El primer punto por el que pasamos es la formación de las Tres Marías, que originalmente se llamaban Los Vigilantes, pero Le Paige le cambió el nombre. Ya no son tres sino dos porque un turista se subió para la foto y derrumbó la piedra en cuestión. Luego pasamos por el Anfiteatro y nos metemos en las cavernas, donde necesitamos encender las linternas, y andar agachados. El recorrido desemboca en un cañadón desde donde hay una hermosa vista del valle. Antes de que caiga el sol, nos dirigimos al Mirador de la Piedra del Coyote, desde donde hay una espectacular vista a un anfiteatro natural.

Magia y vapores en los géiseres del Tatio, cuando apenas amanece, a 4000 metros de altura.

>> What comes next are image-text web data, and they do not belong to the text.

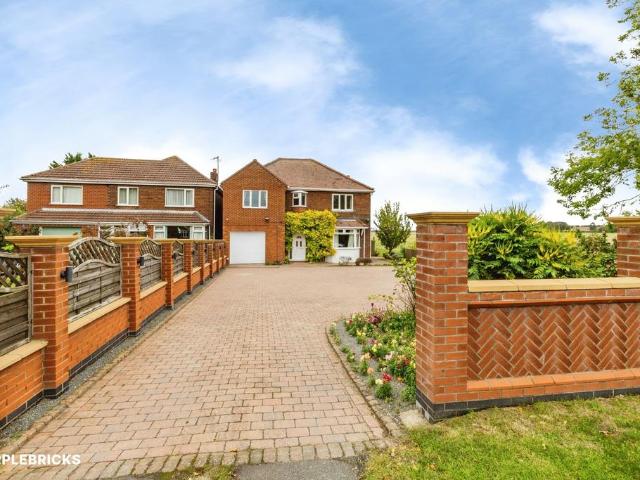 House for sale in Bracebridge Heath, North Kesteven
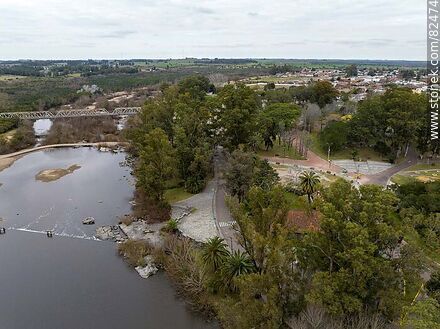 Vista aérea del. Parque Robaina frente al río Santa Lucía - Departamento de Florida - URUGUAY. Foto No. 82474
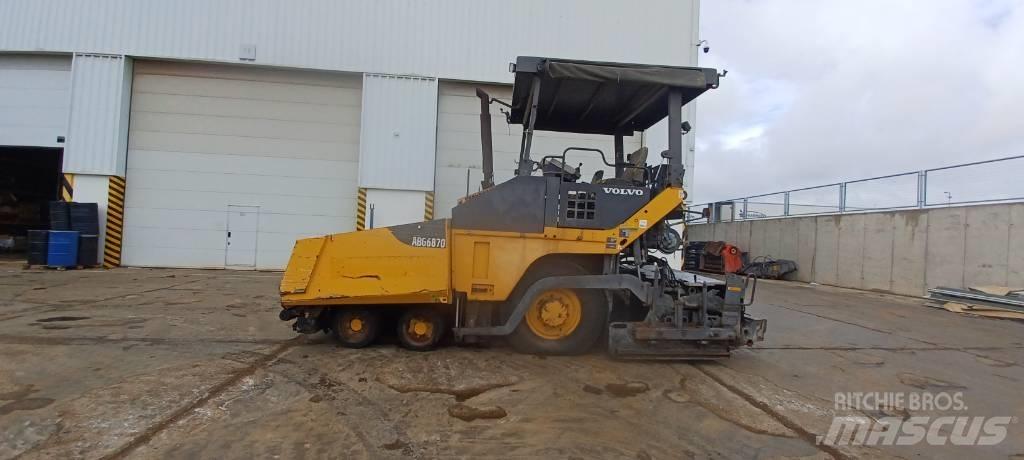 Volvo ABG 6870 معدات السفلتة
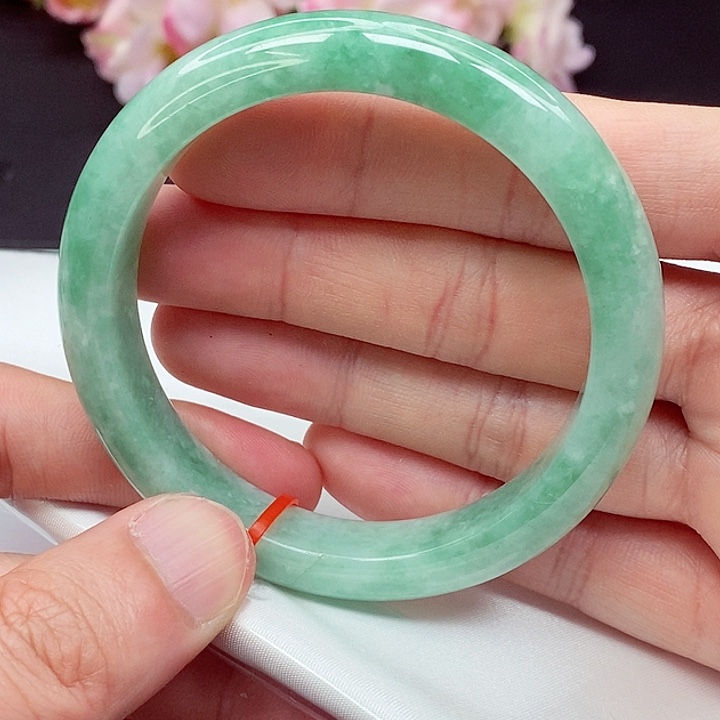 翡翠手镯未镶嵌59圈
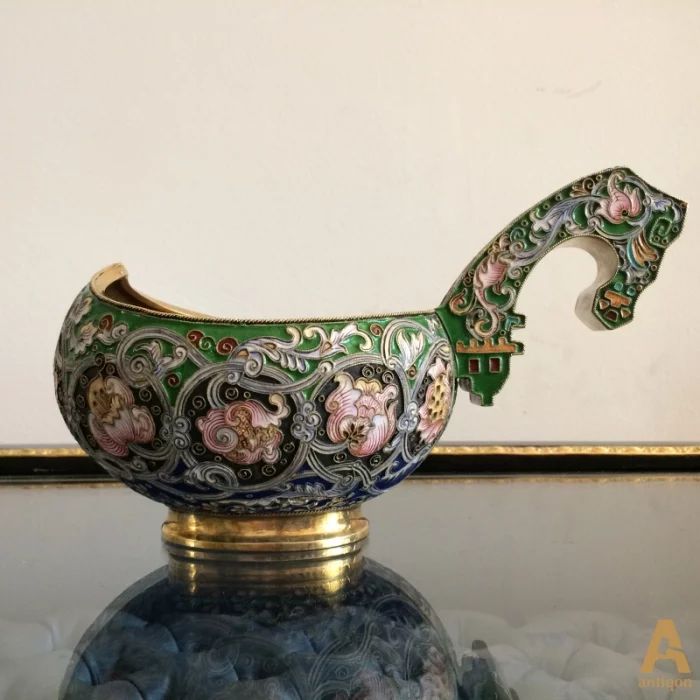 Sudraba kovsh ar emalju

ENSUEÑO DE ALTURATercer y último día. El indicado para la travesía más larga y esperada, la excursión a los géiseres del Tatio, un complejo geotérmico que abarca un área de diez kilómetros cuadrados, el grupo de géiseres más grande del hemisferio sur y el tercero más grande del mundo. Hay que partir temprano para poder llegar entre las seis y las siete de mañana, la hora en que las fumarolas son más intensas.

Madrugamos y emprendemos viaje a las cinco de la mañana. Todavía es de noche. Un rato después, soñoliento, contemplo el amanecer a través de los vidrios empañados de la camioneta. A lo lejos, se ven las columnas de humo que emanan de los géiseres. Demoramos unas dos horas en llegar hasta allí, a más de 4200 metros de altura. Ya está claro, y el termómetro marca 15 bajo cero. Pero qué importa, el lugar amerita congelarse, y bajamos entonces a caminar por este planeta de ensueño en el que un grupo de siluetas se dibuja a contraluz del sol que se eleva tras las montañas y entre las fumarolas.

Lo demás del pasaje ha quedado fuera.